El tipo era igualito a Winston Churchill. Le colgaban de las gafas viejas unos mofletes gigantescos y un cacho de pelo grasiento le bailaba sobre la cara como un solitario limpiaparabrisas. La boca era pesada y el labio inferior se curvaba levemente hacia fuera, dejando ver la húmeda membrana de su interior. Ese rictus, quizás involuntario, le daba un aire de insufrible desdén, pero la verdad sea dicha, la arrogancia de los viejos académicos británicos de la Universidad de Cambridge no tiene nada de involuntaria, y aquella noche tenía frente a mí al perfecto ejemplar.
Se suponía que la ocasión era memorable: mi marido, enólogo apasionado y catador del equipo de Oxford (sí, de esos que hacen competencias con las otras universidades con los ojos vendados y todo), me había llevado a mi primera cata de vinos.
Estábamos en el gigantesco comedor de King‘s College, en el corazón de la Universidad. El recinto era enorme, majestuoso, y todas las paredes estaban recubiertas de una madera adusta, antigua, con olor a viejo. Pero es que todo era viejo allí, como apolillado. Las sillas, las mesas, las paredes, las puertas, las ventanas, la gente.
Antes de la cata, teníamos que escuchar el solemne discurso que nos iba a dar el gran enólogo de la universidad y anfitrión de la noche, el doble de Churchill. Era, por supuesto, un discurso alrededor de una bodega, una cosecha, algún tipo de roble para barriles, no me acuerdo ya, pero en todo caso, un discurso de esos que caen en la encantadora categoría vacuo-derroche-de-erudición.
Winston se levantó y se apagaron de golpe todos los murmullos. Entonces, se metió el pulgar en el bolsillito del chaleco, nos miró por encima de las gafas y dijo con el acento deforme de la rancia clase alta inglesa: "Regla número uno: sabrás que has descorchado bien una botella si el sonido que produce el descorchamiento se parece al suspiro de una mujer satisfecha". Todo el mundo emitió unas carcajadas lentas, desafinadas, falsamente divertidas, mientras yo miraba de reojo a mi alrededor horrorizada, intentando encontrar alguna mirada cómplice, alguien que con los ojos me confirmara lo que estaba pensando: "Este señor tendrá muy buenas papilas gustativas, pero si se acostó con alguien alguna vez en su vida fue con la mamá de sor Teresa de Calcuta".
Y hasta ahí llegó mi curiosidad por los vinos.

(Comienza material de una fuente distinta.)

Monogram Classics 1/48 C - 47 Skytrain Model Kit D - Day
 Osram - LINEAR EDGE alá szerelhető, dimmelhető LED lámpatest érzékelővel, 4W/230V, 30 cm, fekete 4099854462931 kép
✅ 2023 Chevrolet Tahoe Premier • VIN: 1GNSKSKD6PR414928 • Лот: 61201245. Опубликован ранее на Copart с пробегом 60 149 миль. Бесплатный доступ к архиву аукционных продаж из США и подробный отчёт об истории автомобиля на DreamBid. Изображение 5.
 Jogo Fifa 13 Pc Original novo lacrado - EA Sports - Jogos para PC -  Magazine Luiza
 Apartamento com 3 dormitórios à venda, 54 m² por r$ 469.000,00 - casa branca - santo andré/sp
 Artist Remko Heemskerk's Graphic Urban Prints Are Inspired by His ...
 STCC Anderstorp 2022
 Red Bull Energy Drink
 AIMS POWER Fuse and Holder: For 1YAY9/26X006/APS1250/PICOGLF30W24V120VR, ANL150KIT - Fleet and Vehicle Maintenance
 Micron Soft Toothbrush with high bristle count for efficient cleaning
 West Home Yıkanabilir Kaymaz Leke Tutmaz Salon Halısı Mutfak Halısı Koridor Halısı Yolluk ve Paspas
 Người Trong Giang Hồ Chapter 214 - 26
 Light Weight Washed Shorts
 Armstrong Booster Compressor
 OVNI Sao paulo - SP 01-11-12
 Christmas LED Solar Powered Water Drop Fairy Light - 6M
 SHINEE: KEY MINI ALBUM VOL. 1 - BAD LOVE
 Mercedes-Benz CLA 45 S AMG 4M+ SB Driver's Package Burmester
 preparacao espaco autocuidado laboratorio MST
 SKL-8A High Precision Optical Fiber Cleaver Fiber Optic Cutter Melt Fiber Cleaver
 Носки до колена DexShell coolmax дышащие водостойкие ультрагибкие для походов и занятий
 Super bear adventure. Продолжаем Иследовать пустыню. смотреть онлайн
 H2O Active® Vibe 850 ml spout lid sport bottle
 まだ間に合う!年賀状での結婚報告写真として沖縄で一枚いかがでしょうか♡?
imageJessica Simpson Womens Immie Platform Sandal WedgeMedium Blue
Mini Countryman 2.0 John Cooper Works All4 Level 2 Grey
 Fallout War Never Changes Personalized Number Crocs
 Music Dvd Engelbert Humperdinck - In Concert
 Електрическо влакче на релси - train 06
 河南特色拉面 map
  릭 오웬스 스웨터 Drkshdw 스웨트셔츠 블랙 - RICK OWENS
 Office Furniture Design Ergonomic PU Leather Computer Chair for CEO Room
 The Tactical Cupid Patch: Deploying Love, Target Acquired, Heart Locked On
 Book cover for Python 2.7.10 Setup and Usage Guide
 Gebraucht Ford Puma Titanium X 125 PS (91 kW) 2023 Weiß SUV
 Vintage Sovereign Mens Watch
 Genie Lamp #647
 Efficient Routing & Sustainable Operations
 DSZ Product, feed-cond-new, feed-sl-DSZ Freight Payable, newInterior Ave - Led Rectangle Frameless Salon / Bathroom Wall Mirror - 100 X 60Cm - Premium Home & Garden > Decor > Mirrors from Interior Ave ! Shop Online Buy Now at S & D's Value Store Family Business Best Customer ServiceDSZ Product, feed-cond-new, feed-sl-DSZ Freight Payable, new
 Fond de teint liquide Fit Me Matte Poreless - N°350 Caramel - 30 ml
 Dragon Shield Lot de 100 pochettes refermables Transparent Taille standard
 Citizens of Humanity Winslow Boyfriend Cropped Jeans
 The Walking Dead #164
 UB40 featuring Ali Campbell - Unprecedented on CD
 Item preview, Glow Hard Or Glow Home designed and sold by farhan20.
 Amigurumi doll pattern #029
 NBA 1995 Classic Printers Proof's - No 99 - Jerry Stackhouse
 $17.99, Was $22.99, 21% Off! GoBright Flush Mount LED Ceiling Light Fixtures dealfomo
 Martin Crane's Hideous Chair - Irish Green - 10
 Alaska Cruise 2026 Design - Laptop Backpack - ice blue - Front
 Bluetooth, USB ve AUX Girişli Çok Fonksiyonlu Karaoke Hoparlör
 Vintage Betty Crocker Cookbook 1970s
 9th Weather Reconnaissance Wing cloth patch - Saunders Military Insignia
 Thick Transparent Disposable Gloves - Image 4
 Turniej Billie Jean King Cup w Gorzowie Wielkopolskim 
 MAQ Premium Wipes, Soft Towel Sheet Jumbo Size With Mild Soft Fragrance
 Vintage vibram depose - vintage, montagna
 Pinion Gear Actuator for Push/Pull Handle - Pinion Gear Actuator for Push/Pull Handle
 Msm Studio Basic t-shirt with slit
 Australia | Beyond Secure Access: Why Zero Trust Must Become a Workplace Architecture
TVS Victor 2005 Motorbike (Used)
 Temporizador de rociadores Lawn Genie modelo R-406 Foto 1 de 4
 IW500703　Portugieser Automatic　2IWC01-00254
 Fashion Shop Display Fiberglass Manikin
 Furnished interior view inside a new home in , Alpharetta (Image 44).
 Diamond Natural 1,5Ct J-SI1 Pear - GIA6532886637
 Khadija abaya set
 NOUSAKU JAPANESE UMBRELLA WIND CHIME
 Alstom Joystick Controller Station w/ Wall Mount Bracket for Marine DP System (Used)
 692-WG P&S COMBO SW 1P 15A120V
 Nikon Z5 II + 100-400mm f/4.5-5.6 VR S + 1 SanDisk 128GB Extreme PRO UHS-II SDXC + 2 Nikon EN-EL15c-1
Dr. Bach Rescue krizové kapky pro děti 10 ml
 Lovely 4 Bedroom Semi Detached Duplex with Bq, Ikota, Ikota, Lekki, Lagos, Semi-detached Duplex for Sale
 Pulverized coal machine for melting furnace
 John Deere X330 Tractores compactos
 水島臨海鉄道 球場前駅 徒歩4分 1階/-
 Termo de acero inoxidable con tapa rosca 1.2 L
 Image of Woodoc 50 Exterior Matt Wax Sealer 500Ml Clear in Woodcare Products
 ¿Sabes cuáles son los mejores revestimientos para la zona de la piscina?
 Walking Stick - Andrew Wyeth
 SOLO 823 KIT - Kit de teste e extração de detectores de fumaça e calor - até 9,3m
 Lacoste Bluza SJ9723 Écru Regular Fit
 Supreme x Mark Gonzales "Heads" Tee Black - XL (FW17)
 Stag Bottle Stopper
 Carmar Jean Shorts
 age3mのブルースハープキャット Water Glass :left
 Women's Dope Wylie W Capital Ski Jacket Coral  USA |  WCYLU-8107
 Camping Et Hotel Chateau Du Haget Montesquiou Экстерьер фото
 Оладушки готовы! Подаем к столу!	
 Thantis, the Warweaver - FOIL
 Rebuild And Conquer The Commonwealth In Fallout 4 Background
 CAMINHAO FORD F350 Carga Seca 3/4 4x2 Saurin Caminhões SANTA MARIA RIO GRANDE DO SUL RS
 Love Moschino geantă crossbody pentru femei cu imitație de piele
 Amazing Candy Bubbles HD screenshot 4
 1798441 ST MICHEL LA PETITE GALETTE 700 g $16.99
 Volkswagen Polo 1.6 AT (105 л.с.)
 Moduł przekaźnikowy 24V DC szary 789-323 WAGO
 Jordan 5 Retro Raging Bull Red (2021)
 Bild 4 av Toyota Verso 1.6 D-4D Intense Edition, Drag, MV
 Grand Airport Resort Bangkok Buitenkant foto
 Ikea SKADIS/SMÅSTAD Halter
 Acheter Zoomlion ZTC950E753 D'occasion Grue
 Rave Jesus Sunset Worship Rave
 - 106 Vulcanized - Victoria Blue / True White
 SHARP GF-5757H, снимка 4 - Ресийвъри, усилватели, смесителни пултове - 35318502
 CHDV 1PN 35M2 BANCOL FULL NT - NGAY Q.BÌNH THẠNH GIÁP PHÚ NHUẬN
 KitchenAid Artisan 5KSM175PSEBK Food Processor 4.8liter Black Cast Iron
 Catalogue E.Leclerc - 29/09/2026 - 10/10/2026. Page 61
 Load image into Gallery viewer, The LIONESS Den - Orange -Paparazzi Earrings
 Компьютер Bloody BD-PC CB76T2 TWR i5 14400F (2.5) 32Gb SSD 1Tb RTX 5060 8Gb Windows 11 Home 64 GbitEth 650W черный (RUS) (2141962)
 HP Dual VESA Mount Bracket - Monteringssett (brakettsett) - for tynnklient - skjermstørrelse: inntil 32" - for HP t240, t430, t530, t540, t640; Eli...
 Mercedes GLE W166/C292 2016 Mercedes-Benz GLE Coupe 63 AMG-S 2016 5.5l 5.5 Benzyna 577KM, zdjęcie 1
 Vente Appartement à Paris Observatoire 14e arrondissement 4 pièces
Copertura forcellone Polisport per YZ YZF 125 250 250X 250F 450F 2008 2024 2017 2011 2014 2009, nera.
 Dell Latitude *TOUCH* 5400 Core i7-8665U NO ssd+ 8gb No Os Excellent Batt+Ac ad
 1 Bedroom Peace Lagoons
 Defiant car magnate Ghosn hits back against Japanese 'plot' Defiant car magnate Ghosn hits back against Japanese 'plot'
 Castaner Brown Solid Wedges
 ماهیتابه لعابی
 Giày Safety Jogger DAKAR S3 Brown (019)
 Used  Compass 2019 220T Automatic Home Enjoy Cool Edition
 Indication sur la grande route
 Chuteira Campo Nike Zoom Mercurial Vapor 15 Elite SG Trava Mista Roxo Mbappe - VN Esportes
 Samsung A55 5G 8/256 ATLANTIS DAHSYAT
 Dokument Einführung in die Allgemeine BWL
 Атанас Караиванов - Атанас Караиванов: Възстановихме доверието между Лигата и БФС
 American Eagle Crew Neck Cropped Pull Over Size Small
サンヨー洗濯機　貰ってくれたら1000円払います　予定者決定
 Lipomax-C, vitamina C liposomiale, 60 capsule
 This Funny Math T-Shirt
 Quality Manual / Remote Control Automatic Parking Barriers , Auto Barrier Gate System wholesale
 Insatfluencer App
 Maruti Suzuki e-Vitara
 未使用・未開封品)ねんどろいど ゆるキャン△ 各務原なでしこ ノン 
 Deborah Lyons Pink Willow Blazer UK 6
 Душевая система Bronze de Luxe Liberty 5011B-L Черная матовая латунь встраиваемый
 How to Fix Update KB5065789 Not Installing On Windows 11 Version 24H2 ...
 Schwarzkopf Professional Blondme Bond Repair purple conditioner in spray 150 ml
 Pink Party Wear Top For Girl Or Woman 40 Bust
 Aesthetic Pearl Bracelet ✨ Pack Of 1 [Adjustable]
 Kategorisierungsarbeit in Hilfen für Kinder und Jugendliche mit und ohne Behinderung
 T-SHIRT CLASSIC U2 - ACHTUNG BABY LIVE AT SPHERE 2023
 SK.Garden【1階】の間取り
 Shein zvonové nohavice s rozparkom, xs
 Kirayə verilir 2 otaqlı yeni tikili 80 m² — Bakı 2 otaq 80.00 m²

Porque desde aquel episodio comencé a asociar las catas de vinos con el mal sexo. En mi casa no había cava, y las cajas de rieslings y bordeaux se agolpaban debajo de la cama, debajo del bifé, debajo de la mesa de comedor, en los clósets, en el baño, en el horno de la cocina, en el corredor de entrada. Y lo peor de todo era que lo que más le fascinaba a mi marido el enólogo era comprar por adelantado cajas y cajas de cosechas del 2018, del 2022, del 2034... ¡Dónde diablos íbamos a meter tanta botella! La guinda en el pastel la puso otra noche de cata. Apenas comenzaba la reunión y yo, con la espontaneidad de los inocentes, iba a prender un cigarrillo cuando tres amigos de mi marido el enólogo me agarraron en medio de aterrados vozarrones de alarma. El primero me inmovilizó el brazo, el segundo me tapó la boca por la espalda mientras el último se lanzaba en plancha a arrancarme el paquete de las manos con heroica violencia. Llegué a la casa cojeando y con tres morados, pero mi marido insistía en defenderlos ya que todo había sido culpa mía. Fumar en una cata (aunque no se haya abierto la primera botella) es un crimen que amerita la pena capital. Y así, como era de esperarse, salí huyendo de mi marido el enólogo y acabé celebrando mi divorcio en una playa de Málaga con un tetrabrick de Don Simón, el vino más barato de España. Ah, pero eso sí, el hotel era de cinco estrellas.